■ Work to be completed: Show only those lines of the entries where the string "Photo" is found.

(Brief descriptive captions)
#####

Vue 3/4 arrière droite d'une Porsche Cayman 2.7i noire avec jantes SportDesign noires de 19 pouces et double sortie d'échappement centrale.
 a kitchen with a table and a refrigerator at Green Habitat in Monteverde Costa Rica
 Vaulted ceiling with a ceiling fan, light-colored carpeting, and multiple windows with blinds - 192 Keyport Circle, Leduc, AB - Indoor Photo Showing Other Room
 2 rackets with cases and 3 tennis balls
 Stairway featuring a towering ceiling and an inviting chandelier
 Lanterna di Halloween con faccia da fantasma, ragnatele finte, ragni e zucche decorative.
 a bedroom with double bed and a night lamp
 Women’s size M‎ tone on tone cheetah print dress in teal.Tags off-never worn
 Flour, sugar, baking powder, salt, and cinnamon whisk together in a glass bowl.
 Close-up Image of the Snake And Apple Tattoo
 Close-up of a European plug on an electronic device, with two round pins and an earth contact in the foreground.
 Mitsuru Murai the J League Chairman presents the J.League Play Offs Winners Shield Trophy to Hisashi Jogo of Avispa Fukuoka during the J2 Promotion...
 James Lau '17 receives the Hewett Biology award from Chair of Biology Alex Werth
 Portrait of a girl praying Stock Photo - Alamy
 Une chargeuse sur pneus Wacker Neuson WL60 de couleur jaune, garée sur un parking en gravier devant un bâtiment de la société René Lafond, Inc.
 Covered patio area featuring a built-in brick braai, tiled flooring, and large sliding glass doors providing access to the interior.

#####

■ Exercise output:
 Vaulted ceiling with a ceiling fan, light-colored carpeting, and multiple windows with blinds - 192 Keyport Circle, Leduc, AB - Indoor Photo Showing Other Room
 Portrait of a girl praying Stock Photo - Alamy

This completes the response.